31 Ekim 2009 Cumartesi

Yabani.

Bundan seneler önce ben doğduğumda 1989 yılının Temmuz ayıydı. Ablikimin minik kardiki olarak dünyaya geldim. Bilirsiniz aile arasında küçükler daha da bi sevilir. Babam ve amcam da beni her gördüklerinde gel kızım biraz sevelim diye çağırırlardı yanlarına ama ben hiç gitmek istemezdim. Sonra zaten sülaleden uzak yere taşınınca herkesleri çok az görür oldum, selam sabah azaldı bende. O gün bu gündür aile içinde benim biraz yabani olduğum konuşulur. İnsanların kucaklarına oturup ööle hopidi hopidi gezdirilmeyi sevmemişimdir hiç. Öpmeyi de sevmem. Hele ki el öpmeyi hiç sevmem. Zaten o yüzden yaşlı insan da sevmem. Söylemiş miydim öpmeyi sevmem. Hele ki öpmeyi hiç sevmem. El öpmeyi daha da bi sevmem. Sarılmayı severim ama öpmeyi sevmem. Neyse, domuz gribi var öpüşmeyin, sarılmayın ve öpüşmeyin.

27 Ekim 2009 Salı

Aman be...

Önceden hazırlanmış cümleler kurmaya başladığımızda şöyle bir kendimize baksak daha iyi.

24 Ekim 2009 Cumartesi

Vergi.

Sevgili dostum Lis,

Derin denizlere açıldım, kaptırdım gidiyorum. Hep sen de buraları görmek istersin, bilirim. Her karenin resmini çekicem ben sana olur mu? Yelkenlerimi gergin tutucam, dümeni hiç bırakmicam. Bir ada keşfettim, adı Molotof, böyle buyurdu zerdüşt. İçinde ağaçlar var kocaman. Yüzlerce yaprakları var ağaçların her biri de farklı birer sayfa. Bir ağaç bir kitap demek burda ve milyonlarca kitap dolu etrafta. Hele bir de çiçekleri görsen. Her yaprağında farklı senaryolar yazılı, tam senlik. Çok süper zevkli bir insan olmasam da bilirsin kırmızıcıyımdır. Hem bizim oraların en güzel lafı değil midir “Kırmızı olsun beş kuruş fazla olsun!”. Burada çimenler bile kıpkırmızı yahu!
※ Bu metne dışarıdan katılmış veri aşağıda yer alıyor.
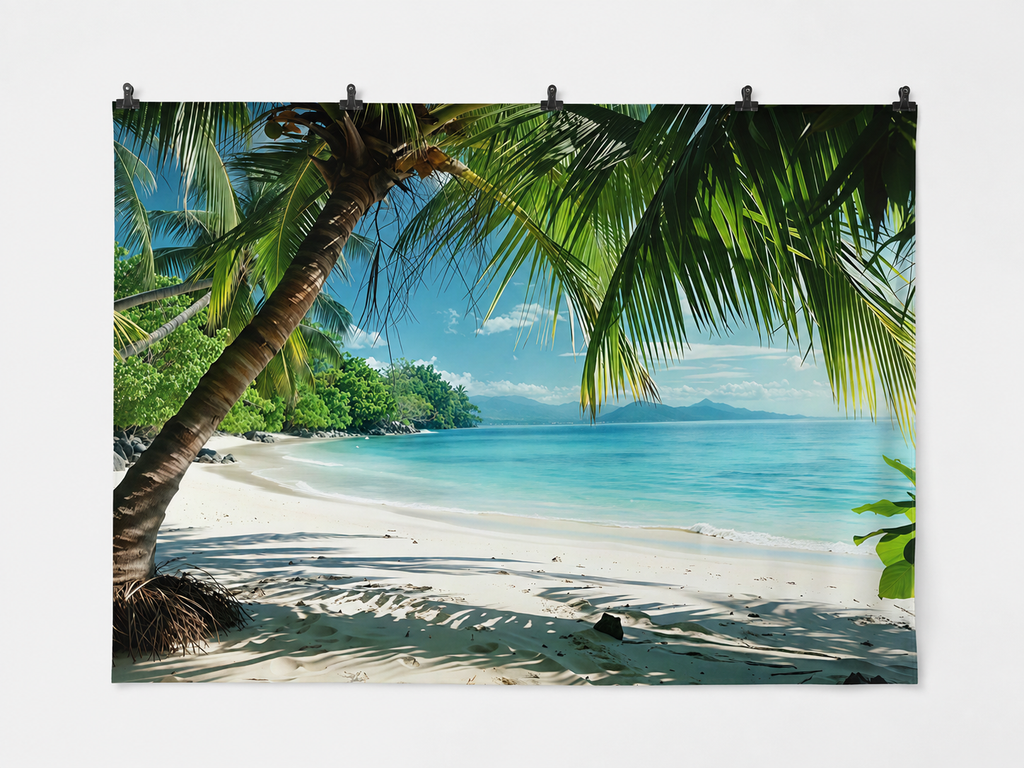 Tropical Beach and Palm Fronds Printed Backdrop — complete flat printed design; accessories not included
Hayatımız romanlardan, filmlerden ve en çok da başkalarından öğrenilme olduğu için kafamda birsürü imgeyle gelmiştim buraya ama çok yanılmışım. Sanki beni bekleyen bir rehber olucak ve beni tüm bunlara hazırlayacaktı. Ama anladım ki herşey beklenildiği gibi olmuyormuş.

Ne diyebilirim ki? Eğer mücize istiyorum diyorsan iyi plan yapmaya bakacaksın.

Kendine mukayyet ol,

Nar.

13 Ekim 2009 Salı

Sağol abi...

Değişmez sorumuz
Nedir ki sonumuz
Toprak değil mi erkeni geçi
Aldırma sen doldur be meyhaneci

Koy koy koy koy koy
Koy koy koy koy koy
Doldur bak efkarlandım yine bu gece
Koy koy koy koy koy
Koy koy koy koy koy
Dostlar gitmeden gizlice

Ve sonunda zevkle içilen, en sevilen insanlarla en bir zevkle geçen, bitmek üzere olan ancak bimesine bir türlü izin veremediğim gün bugün.

Ölürsün dediler
Dün içirmediler
Sanki sarhoş oldum bilmem neden
Çıkmam tövbe bir daha meyhaneden

Koy koy koy koy koy
Koy koy koy koy koy
Doldur bak efkarlandım yine bu gece
Koy koy koy koy koy
Koy koy koy koy koy
Dostlar gitmeden gizlice

Peki ya devamında ne demiş şair?

Lay layyy layy ehehhhe
Doldur kardeşim doldur yaa
Meyhaneci... Koy... İçki koy yaa.
Hadi şerefine...
Sağol beybe sağol yaa... Aahhahahahaa...
Terkedicekler nası olsa biliyodun dimi sen de.
Sağol abi...

9 Ekim 2009 Cuma

Bug

Böyle bir böcek var başımdan gitmiyor.
Bızzbızzbızzbıızzbızz.
İğrenç birşey allahım kurtuluş yok.
Böyle iğrenç.
Bızzbızzbızzbıızbız...
Uzaklaştım ondan, gidene kadar uzakta bekledim, uçarak geldi.
Ama sürekli yanıma geliyor.
Bızzbızzbızzbızz...
Yanıma gelemeyeceği bir yer bulmaya çalıştım ama imkansız.
İşte tam da o zaman duymamazlıktan gelmek istedim.
Gittim kanatlarını kopardım ve feryatlarını duymamazlıktan geldim.

7 Ekim 2009 Çarşamba

Mola lazım.

Arada bir sessizlikten ziyade sensizlik lazım. Sevgili yanlış kararsızlığım bana oyun mu oynuyorsun?

Hayatta küçük molalar gerekli herkeslere.

Peki ya sen hepimizin hayatından birşeyler çalıp bizi yaşayan, silik, belirsiz insan. Sen neden mola vermiyorsun?

Peki ya benim yanlış kararsızlığım. Sen neden benimle oyun oynuyorsun?

Peki ya ben. Ben neden mola alamıyorum?

Artık sarhoş olamıyorum yalnızca midem bulanıyor. Zevksizim, mutsuzum ve en önemlisi de yalnız hissediyorum ve hiç kimseler benim için mola vermiyor.